Can it be that the allocated clock object should be kept usable even after
a successful return from this function?
Would you like to add the tag “Fixes” to the commit message?
Regards,
Markus
^ permalink raw reply [flat|nested] 14+ messages in thread
* Re: Re: [PATCH] drm/nouveau/clk/gm20b: Fix memory leak in gm20b_clk_new()
2020-05-31 8:03 [PATCH] drm/nouveau/clk/gm20b: Fix memory leak in gm20b_clk_new() Markus Elfring
@ 2020-05-31 8:23 ` dinghao.liu
2020-05-31 8:38 ` Markus Elfring
2020-06-02 10:29 ` Re: [PATCH] drm/nouveau/clk/gm20b: Fix memory leak in gm20b_clk_new() Dan Carpenter
0 siblings, 2 replies; 14+ messages in thread
From: dinghao.liu @ 2020-05-31 8:23 UTC (permalink / raw)
To: Markus Elfring
Cc: dri-devel, nouveau, kernel-janitors, linux-kernel, Ben Skeggs,
David Airlie, Kangjie Lu
>
> > It's the same when gm20b_clk_new() returns from elsewhere following this call.
>
> I suggest to reconsider the interpretation of the software situation once more.
> Can it be that the allocated clock object should be kept usable even after
> a successful return from this function?
>
It's possible that we expect an usable clk pointer, though I could not find
the exact usage yet. For security, I will release this pointer only on error
paths in this function.
>
> Would you like to add the tag “Fixes” to the commit message?
>
Thank you for your advice!
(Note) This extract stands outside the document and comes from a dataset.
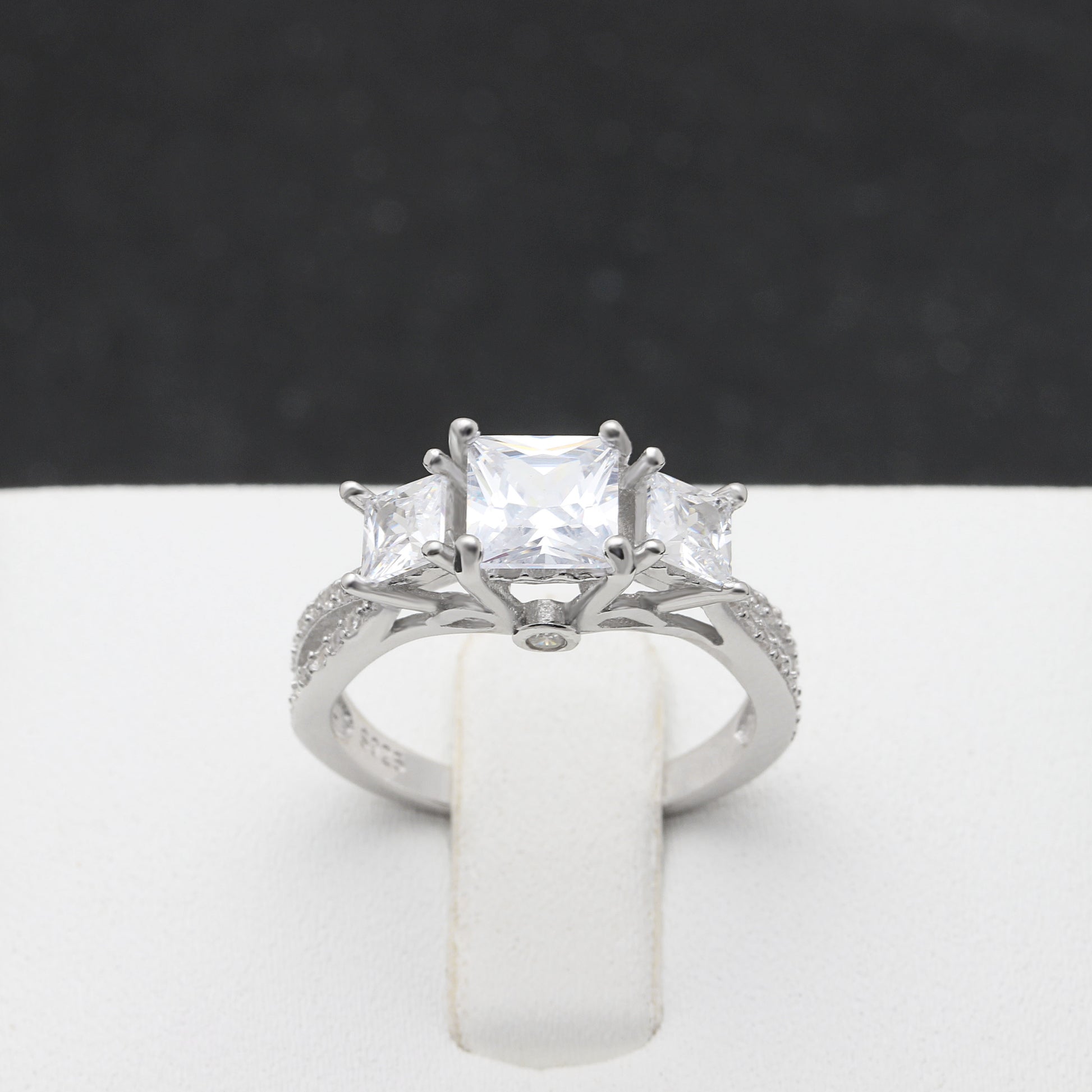 KimEngagementRingSterlingSilverPrincessCzWomensGingerLyneCollection_Silver-2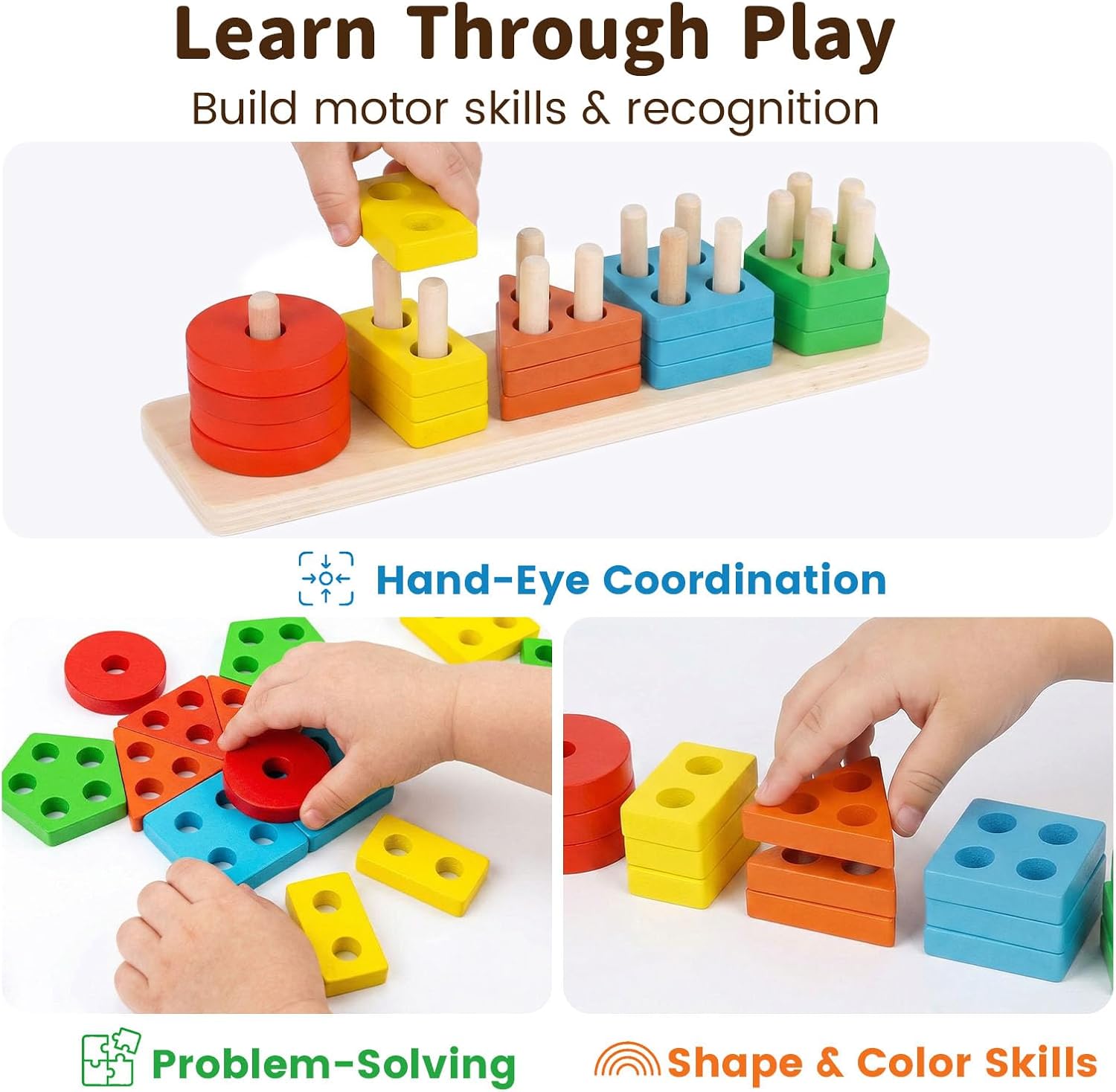 3 otters Wooden Sensory Toys for Toddlers Montessori Stacking and Sorting Learning Toy Activities Puzzles 20 PCS Medium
I will add this tag in the next version of patch.
Regards,
Dinghao
^ permalink raw reply [flat|nested] 14+ messages in thread
* Re: drm/nouveau/clk/gm20b: Fix memory leak in gm20b_clk_new()
2020-05-31 8:23 ` dinghao.liu
@ 2020-05-31 8:38 ` Markus Elfring
2020-05-31 8:52 ` dinghao.liu
2020-06-02 10:29 ` Re: [PATCH] drm/nouveau/clk/gm20b: Fix memory leak in gm20b_clk_new() Dan Carpenter
1 sibling, 1 reply; 14+ messages in thread
From: Markus Elfring @ 2020-05-31 8:38 UTC (permalink / raw)
To: Dinghao Liu, dri-devel, nouveau
Cc: kernel-janitors, linux-kernel, Ben Skeggs, David Airlie, Kangjie Lu
> It's possible that we expect an usable clk pointer, though I could not find
> the exact usage yet.
I am curious if another developer would like to add helpful background information.
> For security, I will release this pointer only on error paths in this function.
Do you tend to release objects (which are referenced by pointers)?
Regards,
Markus
^ permalink raw reply [flat|nested] 14+ messages in thread
* Re: Re: drm/nouveau/clk/gm20b: Fix memory leak in gm20b_clk_new()
2020-05-31 8:38 ` Markus Elfring
@ 2020-05-31 8:52 ` dinghao.liu
2020-05-31 9:00 ` Markus Elfring
0 siblings, 1 reply; 14+ messages in thread
From: dinghao.liu @ 2020-05-31 8:52 UTC (permalink / raw)
To: Markus Elfring
Cc: dri-devel, nouveau, kernel-janitors, linux-kernel, Ben Skeggs,
David Airlie, Kangjie Lu
>
> > For security, I will release this pointer only on error paths in this function.
>
> Do you tend to release objects (which are referenced by pointers)?
>
I just found that clk is referenced by pclk in this function. When clk is freed,
pclk will be allocated in gm20b_clk_new_speedo0(). Thus we should not release clk
in this function and there is no bug here. Thank you for reminding me!
Regards,
Dinghao
^ permalink raw reply [flat|nested] 14+ messages in thread
* Re: drm/nouveau/clk/gm20b: Fix memory leak in gm20b_clk_new()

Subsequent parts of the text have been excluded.